Stored entries
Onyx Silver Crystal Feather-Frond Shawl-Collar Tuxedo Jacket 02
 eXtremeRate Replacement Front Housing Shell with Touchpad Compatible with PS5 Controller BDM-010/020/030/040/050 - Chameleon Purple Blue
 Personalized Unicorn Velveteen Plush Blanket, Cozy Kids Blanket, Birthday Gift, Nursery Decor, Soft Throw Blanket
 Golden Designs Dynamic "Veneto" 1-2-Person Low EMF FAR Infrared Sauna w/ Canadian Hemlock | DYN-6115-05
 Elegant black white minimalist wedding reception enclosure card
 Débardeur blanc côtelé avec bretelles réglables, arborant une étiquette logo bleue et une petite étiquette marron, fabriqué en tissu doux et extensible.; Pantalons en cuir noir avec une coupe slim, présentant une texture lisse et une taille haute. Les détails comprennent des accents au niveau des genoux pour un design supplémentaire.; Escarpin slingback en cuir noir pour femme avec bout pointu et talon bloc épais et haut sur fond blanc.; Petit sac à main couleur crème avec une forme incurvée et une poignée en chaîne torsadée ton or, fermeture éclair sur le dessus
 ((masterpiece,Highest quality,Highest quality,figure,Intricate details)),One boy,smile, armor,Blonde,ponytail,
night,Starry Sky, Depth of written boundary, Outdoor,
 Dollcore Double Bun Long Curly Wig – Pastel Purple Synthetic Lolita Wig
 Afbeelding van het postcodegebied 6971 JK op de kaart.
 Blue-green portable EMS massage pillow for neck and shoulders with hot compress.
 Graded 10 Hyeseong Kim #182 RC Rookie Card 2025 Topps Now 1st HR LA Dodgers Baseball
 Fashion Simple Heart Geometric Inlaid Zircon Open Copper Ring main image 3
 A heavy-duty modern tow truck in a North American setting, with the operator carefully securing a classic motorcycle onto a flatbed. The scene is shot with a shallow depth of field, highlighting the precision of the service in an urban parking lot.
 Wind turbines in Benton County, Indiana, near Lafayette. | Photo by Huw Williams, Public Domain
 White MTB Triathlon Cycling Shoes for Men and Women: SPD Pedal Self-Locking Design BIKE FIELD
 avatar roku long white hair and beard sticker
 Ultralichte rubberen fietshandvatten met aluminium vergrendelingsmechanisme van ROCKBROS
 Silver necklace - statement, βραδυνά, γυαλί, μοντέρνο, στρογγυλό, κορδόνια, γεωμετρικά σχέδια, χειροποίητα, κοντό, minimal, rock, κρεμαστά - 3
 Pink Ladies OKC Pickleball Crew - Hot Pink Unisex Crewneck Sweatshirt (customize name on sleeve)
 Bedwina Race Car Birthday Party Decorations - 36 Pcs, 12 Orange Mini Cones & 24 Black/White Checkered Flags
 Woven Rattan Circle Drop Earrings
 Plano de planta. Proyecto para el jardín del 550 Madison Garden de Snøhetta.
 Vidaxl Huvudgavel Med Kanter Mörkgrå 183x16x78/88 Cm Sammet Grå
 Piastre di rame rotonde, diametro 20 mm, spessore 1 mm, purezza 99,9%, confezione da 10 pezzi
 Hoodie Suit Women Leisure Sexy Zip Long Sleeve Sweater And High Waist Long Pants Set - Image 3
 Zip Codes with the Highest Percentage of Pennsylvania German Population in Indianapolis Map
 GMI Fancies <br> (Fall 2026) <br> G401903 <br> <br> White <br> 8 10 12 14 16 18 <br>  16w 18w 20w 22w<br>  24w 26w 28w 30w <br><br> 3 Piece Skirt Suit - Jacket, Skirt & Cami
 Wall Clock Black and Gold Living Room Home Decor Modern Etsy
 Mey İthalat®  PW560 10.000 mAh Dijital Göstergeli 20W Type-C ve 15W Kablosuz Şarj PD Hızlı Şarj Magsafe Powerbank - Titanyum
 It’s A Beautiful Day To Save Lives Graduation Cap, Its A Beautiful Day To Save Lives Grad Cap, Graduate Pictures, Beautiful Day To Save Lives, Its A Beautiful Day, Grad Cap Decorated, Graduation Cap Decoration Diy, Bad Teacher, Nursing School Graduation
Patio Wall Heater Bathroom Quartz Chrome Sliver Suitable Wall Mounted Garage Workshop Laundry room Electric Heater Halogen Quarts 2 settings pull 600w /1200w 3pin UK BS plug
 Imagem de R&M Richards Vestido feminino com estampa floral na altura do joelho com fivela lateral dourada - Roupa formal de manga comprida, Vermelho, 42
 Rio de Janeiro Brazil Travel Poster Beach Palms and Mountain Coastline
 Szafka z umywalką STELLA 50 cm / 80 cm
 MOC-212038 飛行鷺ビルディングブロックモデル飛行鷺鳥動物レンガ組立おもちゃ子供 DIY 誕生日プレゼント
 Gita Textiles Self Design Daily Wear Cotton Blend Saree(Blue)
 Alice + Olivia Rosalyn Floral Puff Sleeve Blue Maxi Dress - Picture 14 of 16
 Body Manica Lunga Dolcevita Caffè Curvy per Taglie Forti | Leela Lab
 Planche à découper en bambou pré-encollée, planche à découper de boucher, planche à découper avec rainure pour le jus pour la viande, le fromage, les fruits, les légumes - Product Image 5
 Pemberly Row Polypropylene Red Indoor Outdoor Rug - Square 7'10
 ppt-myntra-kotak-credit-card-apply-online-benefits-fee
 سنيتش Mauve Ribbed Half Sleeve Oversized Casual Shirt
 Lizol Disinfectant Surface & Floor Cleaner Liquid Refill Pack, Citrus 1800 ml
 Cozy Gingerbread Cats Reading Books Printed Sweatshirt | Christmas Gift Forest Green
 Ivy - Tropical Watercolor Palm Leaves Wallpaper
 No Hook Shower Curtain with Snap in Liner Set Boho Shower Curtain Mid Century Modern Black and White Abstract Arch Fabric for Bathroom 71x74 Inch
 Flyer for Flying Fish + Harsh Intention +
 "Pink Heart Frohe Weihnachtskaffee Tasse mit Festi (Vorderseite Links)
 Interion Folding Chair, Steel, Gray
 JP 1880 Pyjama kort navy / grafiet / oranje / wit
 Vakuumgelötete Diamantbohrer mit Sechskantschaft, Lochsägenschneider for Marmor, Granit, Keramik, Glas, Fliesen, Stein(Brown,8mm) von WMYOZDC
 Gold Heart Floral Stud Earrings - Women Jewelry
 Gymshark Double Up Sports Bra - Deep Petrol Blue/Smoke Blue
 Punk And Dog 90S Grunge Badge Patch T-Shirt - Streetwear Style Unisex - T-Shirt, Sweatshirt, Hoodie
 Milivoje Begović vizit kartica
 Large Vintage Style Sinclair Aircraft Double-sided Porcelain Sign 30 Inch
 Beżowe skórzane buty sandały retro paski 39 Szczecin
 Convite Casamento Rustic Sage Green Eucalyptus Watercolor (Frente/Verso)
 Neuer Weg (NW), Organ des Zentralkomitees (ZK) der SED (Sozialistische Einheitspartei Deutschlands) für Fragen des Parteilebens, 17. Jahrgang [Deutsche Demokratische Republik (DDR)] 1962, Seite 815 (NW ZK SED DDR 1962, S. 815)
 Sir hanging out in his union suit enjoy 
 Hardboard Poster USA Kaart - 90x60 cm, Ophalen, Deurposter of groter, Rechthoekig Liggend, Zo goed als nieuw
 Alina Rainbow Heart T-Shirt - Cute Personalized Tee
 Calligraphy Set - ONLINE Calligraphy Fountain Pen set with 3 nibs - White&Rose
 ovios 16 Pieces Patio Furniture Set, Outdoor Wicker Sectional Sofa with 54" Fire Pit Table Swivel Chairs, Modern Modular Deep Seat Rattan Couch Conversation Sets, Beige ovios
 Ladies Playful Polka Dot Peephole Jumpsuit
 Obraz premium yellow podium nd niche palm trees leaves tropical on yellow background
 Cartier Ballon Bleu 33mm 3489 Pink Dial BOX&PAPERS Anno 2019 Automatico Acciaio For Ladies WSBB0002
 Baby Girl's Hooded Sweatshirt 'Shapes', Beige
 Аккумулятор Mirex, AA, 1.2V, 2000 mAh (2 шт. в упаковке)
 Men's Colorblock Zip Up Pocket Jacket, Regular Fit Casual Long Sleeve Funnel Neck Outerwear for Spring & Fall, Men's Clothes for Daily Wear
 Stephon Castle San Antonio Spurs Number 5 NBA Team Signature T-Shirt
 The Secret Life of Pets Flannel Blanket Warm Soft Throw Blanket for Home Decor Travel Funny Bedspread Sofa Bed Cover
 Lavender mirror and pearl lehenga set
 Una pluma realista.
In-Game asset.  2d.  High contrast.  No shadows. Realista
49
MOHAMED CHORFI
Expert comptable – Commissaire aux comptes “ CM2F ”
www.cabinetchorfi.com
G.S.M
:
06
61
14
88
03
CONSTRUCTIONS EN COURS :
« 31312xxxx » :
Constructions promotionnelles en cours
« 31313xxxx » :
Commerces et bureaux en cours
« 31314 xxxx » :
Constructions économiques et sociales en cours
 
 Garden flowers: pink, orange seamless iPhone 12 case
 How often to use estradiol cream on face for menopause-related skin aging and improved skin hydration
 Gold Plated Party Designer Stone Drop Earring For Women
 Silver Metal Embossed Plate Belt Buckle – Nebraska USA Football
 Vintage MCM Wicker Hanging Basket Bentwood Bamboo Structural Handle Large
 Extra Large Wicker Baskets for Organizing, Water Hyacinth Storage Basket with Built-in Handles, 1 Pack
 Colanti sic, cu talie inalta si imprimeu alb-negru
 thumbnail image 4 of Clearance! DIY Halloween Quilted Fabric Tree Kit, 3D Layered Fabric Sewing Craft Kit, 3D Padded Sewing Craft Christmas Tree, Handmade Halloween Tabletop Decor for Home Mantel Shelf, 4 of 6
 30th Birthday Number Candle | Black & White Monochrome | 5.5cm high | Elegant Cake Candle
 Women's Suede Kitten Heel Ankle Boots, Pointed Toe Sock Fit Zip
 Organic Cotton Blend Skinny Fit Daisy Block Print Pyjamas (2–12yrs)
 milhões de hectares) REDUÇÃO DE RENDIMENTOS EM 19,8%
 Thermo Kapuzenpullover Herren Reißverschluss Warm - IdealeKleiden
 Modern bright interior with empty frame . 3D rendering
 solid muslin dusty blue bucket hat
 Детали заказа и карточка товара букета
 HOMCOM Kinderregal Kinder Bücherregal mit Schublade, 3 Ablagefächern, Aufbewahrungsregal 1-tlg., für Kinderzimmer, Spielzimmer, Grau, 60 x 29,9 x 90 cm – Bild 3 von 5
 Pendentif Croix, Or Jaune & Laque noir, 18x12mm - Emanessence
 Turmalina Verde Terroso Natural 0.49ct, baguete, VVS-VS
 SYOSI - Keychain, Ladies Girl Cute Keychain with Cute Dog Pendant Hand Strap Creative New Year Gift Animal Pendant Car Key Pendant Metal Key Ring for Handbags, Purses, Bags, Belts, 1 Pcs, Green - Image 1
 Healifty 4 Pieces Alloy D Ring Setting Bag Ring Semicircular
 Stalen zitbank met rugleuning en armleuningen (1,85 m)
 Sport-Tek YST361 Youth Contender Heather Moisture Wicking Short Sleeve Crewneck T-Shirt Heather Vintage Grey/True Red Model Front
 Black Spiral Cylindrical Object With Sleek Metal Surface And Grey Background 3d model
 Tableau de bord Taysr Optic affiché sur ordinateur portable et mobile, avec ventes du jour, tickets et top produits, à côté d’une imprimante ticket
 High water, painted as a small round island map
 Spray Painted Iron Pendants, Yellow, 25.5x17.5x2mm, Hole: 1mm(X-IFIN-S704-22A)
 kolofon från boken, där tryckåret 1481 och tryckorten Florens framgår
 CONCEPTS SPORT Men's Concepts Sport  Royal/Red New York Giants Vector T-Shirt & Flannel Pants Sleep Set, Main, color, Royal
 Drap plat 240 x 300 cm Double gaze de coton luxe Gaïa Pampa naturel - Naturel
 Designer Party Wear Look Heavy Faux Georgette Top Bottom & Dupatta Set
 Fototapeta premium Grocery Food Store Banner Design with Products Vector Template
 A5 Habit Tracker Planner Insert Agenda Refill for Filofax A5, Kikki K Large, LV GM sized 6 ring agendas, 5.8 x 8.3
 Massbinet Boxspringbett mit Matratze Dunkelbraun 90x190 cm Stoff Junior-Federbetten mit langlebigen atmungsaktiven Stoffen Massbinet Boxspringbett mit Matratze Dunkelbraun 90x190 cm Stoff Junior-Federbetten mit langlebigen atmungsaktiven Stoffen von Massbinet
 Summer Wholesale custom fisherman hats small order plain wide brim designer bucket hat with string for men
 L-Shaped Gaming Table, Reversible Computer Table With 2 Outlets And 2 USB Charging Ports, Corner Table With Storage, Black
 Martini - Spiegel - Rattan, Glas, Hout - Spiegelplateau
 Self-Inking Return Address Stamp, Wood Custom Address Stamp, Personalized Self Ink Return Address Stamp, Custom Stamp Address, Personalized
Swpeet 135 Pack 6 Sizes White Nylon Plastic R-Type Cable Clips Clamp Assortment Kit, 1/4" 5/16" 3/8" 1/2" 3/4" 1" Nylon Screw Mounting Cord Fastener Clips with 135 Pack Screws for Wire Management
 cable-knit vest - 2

PROMPT:
Would you retype the lines above from the one with "Sir hanging out in his union suit enjoy" down to the one with "Baby Girl's Hooded", word for word, both ends included and no other lines?

REPLY:
 Sir hanging out in his union suit enjoy 
 Hardboard Poster USA Kaart - 90x60 cm, Ophalen, Deurposter of groter, Rechthoekig Liggend, Zo goed als nieuw
 Alina Rainbow Heart T-Shirt - Cute Personalized Tee
 Calligraphy Set - ONLINE Calligraphy Fountain Pen set with 3 nibs - White&Rose
 ovios 16 Pieces Patio Furniture Set, Outdoor Wicker Sectional Sofa with 54" Fire Pit Table Swivel Chairs, Modern Modular Deep Seat Rattan Couch Conversation Sets, Beige ovios
 Ladies Playful Polka Dot Peephole Jumpsuit
 Obraz premium yellow podium nd niche palm trees leaves tropical on yellow background
 Cartier Ballon Bleu 33mm 3489 Pink Dial BOX&PAPERS Anno 2019 Automatico Acciaio For Ladies WSBB0002
 Baby Girl's Hooded Sweatshirt 'Shapes', Beige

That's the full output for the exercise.